[Short text fragments from websites]
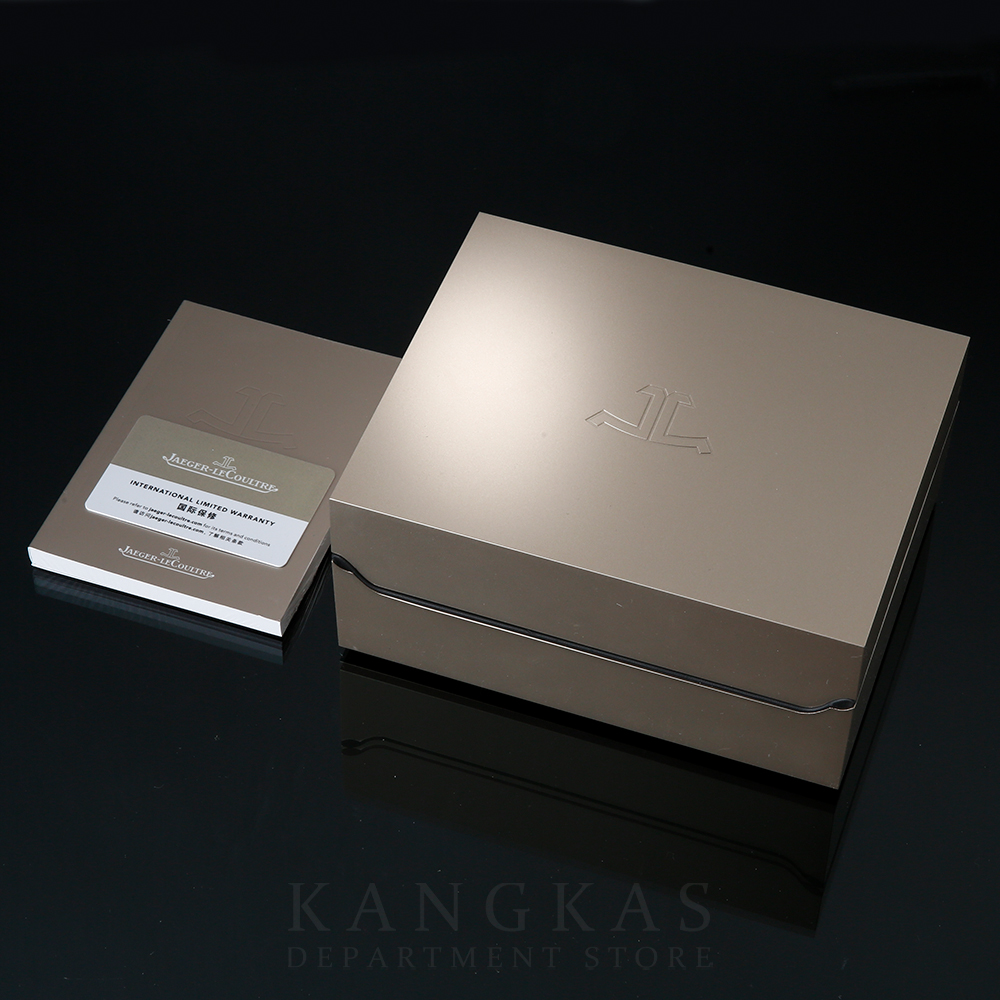 Jaeger LeCoultre(USED)예거르쿨트르 리베르소 클래식 미듐 듀오페이스 스몰세컨즈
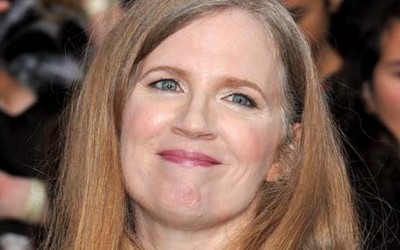 Suzanne Collins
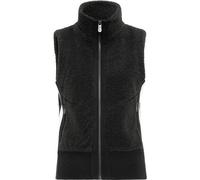 KRIMSON KLOVER Damen Weste Ember Vest (628582) XL Schwarz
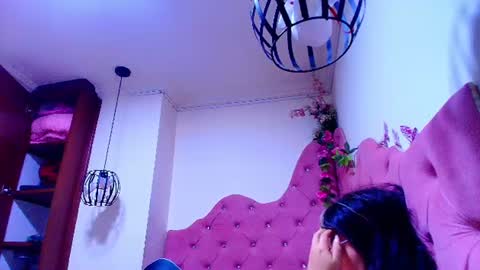 Snapshot of candy_morgan412 chatting on 06.14.26 Ania online show from 06.14.26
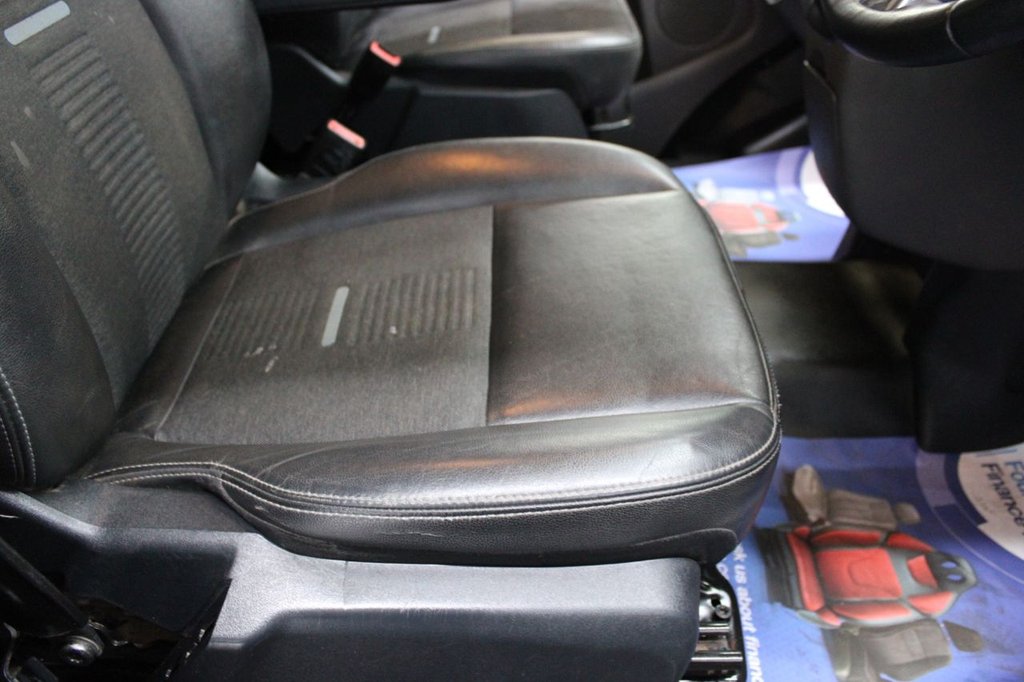 Used Ford Transit Custom 2021 for sale - 76303630: Photo 21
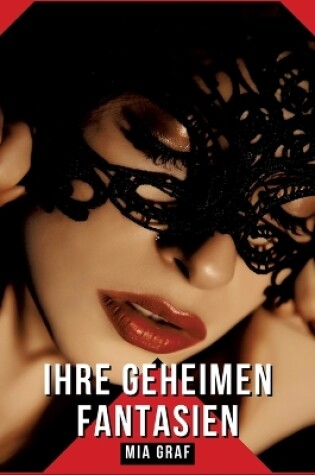 Cover of Ihre geheimen Fantasien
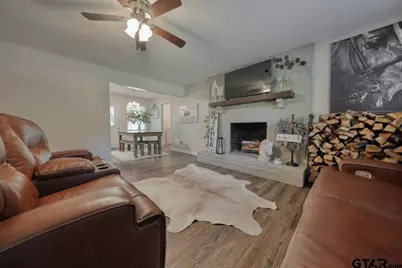 203 Green Lane Trail, Whitehouse, TX 75791 - Photo 4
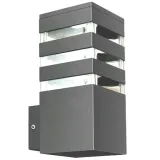 kinkiet-teksas-prosty-grafit-1xe27-stan-nowy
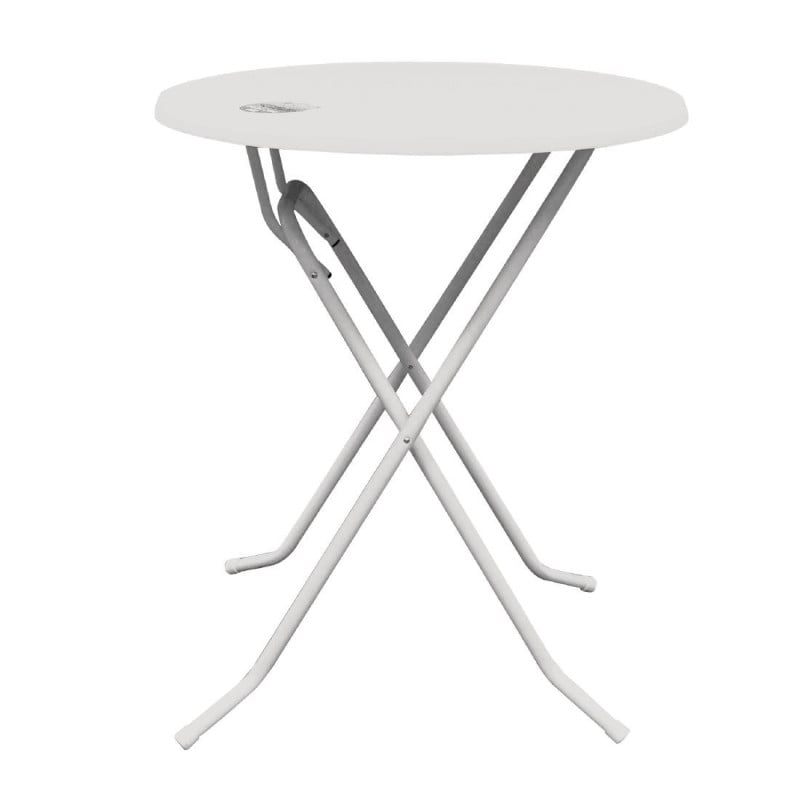 High table Brabant 85 cm - FourniResto - Fourniresto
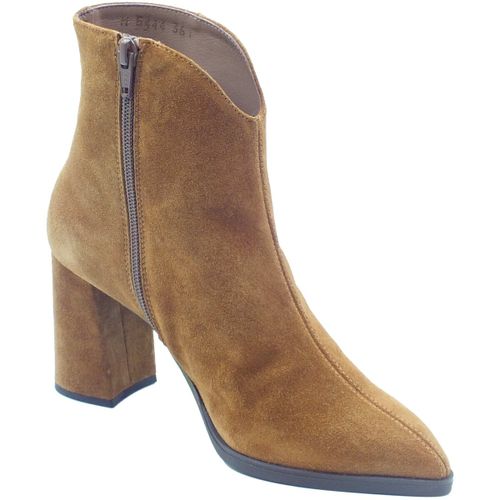 Boots Wonders M-5444 Charme - Wonders - Modalova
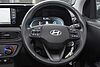 Hyundai I10 1.2 [79] Advance 5dr Auto [Nav] Blue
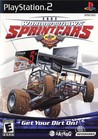 World of Outlaws: Sprint Cars 2002 cover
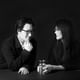 Lyndon Neri & Rossana Hu (Photo- Zhu Zhe)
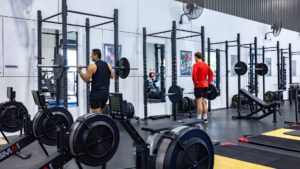 long-muscle-length training - Warehouse Gym & Fitness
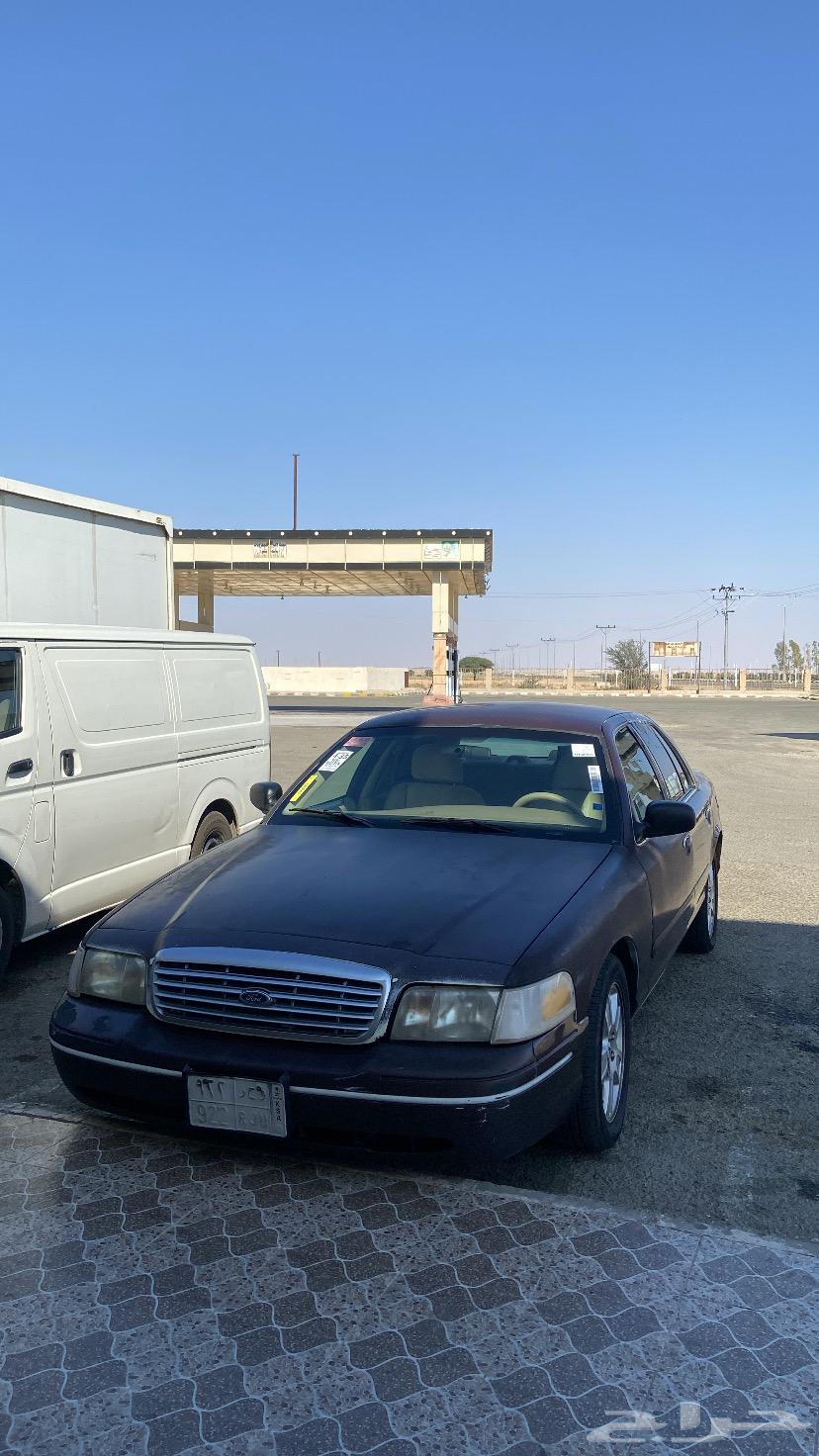 فورد فكتوريا64591743708673111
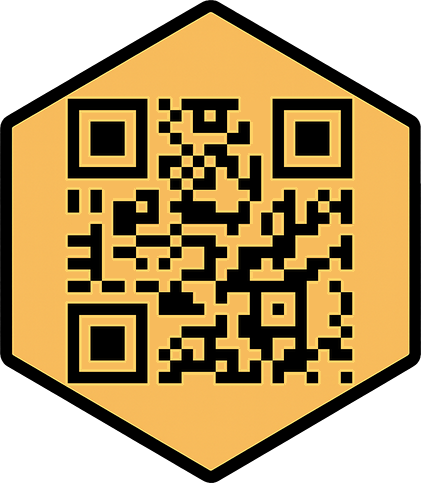 QR для короткой ссылки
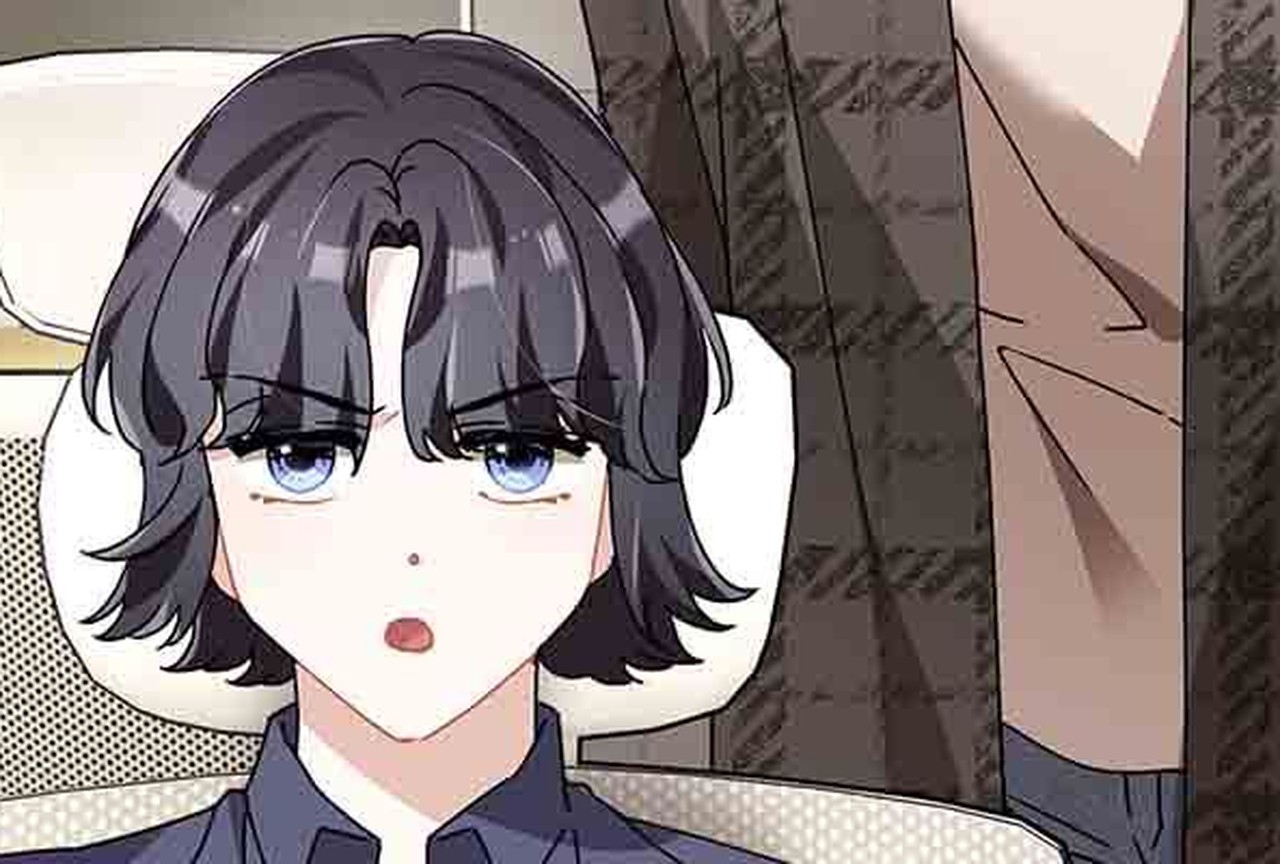 Dans la peau de ma sœur - Episode 51 - ONO Webtoon et Manga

*EXERCISE*. Before duplicating the entries above, strip out the pictures and keep the rest exact.

*SOLUTION BELOW*.
 Jaeger LeCoultre(USED)예거르쿨트르 리베르소 클래식 미듐 듀오페이스 스몰세컨즈
 Suzanne Collins
 KRIMSON KLOVER Damen Weste Ember Vest (628582) XL Schwarz
 Snapshot of candy_morgan412 chatting on 06.14.26 Ania online show from 06.14.26
 Used Ford Transit Custom 2021 for sale - 76303630: Photo 21
 Cover of Ihre geheimen Fantasien
 203 Green Lane Trail, Whitehouse, TX 75791 - Photo 4
 kinkiet-teksas-prosty-grafit-1xe27-stan-nowy
 High table Brabant 85 cm - FourniResto - Fourniresto
 Boots Wonders M-5444 Charme - Wonders - Modalova
 Hyundai I10 1.2 [79] Advance 5dr Auto [Nav] Blue
 World of Outlaws: Sprint Cars 2002 cover
 Lyndon Neri & Rossana Hu (Photo- Zhu Zhe)
 long-muscle-length training - Warehouse Gym & Fitness
 فورد فكتوريا64591743708673111
 QR для короткой ссылки
 Dans la peau de ma sœur - Episode 51 - ONO Webtoon et Manga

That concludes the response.